Régis Ambroise, octobre 2020

Soucieux d’assurer la transition énergétique et, plus généralement, la transition de nos sociétés vers le développement durable, 50 professionnels de l’aménagement se sont réunis en association afin de promouvoir le rôle central que les démarches de paysage peuvent jouer dans les politiques d’aménagement du territoire.

En novembre 2019, ICOMOS international a invité le Collectif PAP à faire un exposé sur le thème “Patrimoine rural et lutte contre le réchauffement climatique” lors de son assemblée générale à Marrakech. Cet article détaille les principales idées développées à cette occasion.
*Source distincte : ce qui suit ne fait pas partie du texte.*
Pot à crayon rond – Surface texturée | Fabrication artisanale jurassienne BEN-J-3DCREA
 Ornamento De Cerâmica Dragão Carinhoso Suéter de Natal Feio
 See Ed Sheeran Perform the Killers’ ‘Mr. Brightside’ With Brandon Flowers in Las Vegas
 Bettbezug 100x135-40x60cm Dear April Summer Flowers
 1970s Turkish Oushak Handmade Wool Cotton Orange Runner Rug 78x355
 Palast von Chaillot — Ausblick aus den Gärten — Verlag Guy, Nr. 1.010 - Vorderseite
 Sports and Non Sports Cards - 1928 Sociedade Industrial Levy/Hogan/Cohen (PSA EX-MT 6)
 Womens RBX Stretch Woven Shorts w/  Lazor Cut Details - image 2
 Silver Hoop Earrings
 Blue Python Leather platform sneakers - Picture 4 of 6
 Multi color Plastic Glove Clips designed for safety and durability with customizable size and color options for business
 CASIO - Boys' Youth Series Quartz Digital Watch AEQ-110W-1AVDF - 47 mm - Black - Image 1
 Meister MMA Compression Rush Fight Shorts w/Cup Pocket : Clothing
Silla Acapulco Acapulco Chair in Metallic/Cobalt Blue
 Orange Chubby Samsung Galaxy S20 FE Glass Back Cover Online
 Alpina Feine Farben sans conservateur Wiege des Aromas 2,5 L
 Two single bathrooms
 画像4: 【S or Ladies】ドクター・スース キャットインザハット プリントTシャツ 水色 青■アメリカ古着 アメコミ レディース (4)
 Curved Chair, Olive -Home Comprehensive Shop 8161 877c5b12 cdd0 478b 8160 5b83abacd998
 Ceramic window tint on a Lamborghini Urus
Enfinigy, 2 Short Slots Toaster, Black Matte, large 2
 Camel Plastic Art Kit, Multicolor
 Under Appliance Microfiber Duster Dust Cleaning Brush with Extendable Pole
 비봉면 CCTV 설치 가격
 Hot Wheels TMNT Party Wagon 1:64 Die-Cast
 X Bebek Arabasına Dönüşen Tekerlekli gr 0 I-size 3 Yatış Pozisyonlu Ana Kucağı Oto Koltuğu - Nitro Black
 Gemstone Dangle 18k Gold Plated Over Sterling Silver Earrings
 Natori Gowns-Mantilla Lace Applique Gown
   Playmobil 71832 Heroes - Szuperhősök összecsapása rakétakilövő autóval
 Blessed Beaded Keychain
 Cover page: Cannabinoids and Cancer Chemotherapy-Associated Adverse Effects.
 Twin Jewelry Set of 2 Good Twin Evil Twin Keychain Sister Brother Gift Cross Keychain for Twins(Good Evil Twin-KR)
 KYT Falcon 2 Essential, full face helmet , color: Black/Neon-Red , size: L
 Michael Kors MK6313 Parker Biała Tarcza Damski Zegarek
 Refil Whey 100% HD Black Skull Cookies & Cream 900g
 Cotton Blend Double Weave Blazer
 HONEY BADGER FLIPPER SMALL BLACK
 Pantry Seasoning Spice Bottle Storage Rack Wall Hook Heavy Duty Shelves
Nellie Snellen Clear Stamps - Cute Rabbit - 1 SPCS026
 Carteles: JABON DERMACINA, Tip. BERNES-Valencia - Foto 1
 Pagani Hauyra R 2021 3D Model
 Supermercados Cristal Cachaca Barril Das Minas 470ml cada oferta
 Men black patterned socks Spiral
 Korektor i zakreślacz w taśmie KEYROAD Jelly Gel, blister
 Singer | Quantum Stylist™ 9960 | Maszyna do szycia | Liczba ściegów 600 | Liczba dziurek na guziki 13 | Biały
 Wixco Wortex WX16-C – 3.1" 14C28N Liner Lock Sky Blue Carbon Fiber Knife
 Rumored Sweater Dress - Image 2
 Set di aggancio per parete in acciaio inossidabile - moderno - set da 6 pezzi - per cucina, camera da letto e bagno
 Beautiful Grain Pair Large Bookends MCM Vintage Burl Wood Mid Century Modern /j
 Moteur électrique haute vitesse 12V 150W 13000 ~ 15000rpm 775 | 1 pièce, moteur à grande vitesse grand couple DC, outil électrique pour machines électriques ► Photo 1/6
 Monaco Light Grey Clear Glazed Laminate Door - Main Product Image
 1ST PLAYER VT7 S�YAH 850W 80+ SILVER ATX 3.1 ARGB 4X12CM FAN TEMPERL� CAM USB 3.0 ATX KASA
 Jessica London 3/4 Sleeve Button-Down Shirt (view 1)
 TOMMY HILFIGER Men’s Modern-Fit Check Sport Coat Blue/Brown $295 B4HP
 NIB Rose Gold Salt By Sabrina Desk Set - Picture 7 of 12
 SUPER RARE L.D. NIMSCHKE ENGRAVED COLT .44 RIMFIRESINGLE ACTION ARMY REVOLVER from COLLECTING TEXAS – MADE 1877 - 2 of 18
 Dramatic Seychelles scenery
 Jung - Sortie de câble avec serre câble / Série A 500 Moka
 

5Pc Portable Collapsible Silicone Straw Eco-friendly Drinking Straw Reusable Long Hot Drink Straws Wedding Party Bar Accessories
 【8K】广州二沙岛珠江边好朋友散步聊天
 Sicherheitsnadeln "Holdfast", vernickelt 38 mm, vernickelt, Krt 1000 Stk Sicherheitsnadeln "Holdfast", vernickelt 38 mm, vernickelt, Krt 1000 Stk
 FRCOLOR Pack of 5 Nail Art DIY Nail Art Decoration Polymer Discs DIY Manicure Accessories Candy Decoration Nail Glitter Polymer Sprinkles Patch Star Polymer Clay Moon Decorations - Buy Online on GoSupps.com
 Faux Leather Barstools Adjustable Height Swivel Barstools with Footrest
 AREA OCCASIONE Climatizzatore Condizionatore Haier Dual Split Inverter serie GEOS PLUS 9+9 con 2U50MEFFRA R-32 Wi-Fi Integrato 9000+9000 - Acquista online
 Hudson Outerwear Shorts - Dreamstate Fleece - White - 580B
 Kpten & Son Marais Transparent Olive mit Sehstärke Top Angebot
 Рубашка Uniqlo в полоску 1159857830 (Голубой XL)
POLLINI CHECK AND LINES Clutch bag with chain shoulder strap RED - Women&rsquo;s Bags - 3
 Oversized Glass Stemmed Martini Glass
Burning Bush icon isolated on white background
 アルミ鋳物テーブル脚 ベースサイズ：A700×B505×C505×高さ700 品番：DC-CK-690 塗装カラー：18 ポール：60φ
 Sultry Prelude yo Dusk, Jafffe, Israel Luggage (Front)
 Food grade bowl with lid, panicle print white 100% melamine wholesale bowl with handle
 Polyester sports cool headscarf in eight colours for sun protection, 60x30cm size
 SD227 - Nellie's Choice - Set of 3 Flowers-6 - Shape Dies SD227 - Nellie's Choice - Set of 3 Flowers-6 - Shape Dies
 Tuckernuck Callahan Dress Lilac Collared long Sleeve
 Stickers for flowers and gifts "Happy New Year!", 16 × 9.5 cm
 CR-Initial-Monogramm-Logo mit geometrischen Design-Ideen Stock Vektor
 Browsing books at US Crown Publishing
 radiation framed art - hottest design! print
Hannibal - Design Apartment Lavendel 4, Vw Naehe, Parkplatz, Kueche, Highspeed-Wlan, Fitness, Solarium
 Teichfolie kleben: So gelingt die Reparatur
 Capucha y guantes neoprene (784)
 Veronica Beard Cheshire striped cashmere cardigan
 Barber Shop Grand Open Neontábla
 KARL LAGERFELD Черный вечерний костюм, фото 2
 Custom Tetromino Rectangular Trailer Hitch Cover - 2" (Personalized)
À télécharger : article-43-collectif-pap-ra_.pdf (6,8 Mio)

Le réchauffement climatique est dû pour l’essentiel aux émissions de CO² provoquées par l’usage des matières fossiles telles que le pétrole et le gaz. Ces matières sont par ailleurs responsables de la pollution des sols, de l’eau, de l’air comme de la perte de biodiversité. La mise en oeuvre de cette entreprise repose sur les citoyens, les décideurs et les spécialistes de l’aménagement par le paysage.

« Limiter le changement climatique et s’adapter aux effets qu’il engendre ».

Ce mot d’ordre est aujourd’hui défendu par de nombreuses instances internationales et notamment par le Conseil International des Monuments et des Sites (ICOMOS) qui déclare dans sa résolution19GA 2017/30: « La 19° Assemblée générale de l’ICOMOS… salue l’adoption de l’accord de Paris et encourage tous ses membres à renforcer leurs efforts pour appuyer sa mise en oeuvre et identifier les réponses qui s’appuient sur le patrimoine ou les paysages culturels ».

Comment le patrimoine et les paysages culturels peuvent-ils donc contribuer à limiter le changement climatique et à s’adapter à ses effets? Cette question interpelle les gestionnaires en charge de ces territoires qui vont devoir argumenter de l’intérêt de maintenir des politiques de protection. Elle concerne plus généralement les aménageurs en recherche de solutions pour mener à bien les transitions des territoires. En quoi les solutions du passé peuvent-elles se trouver à l’origine d’initiatives novatrices?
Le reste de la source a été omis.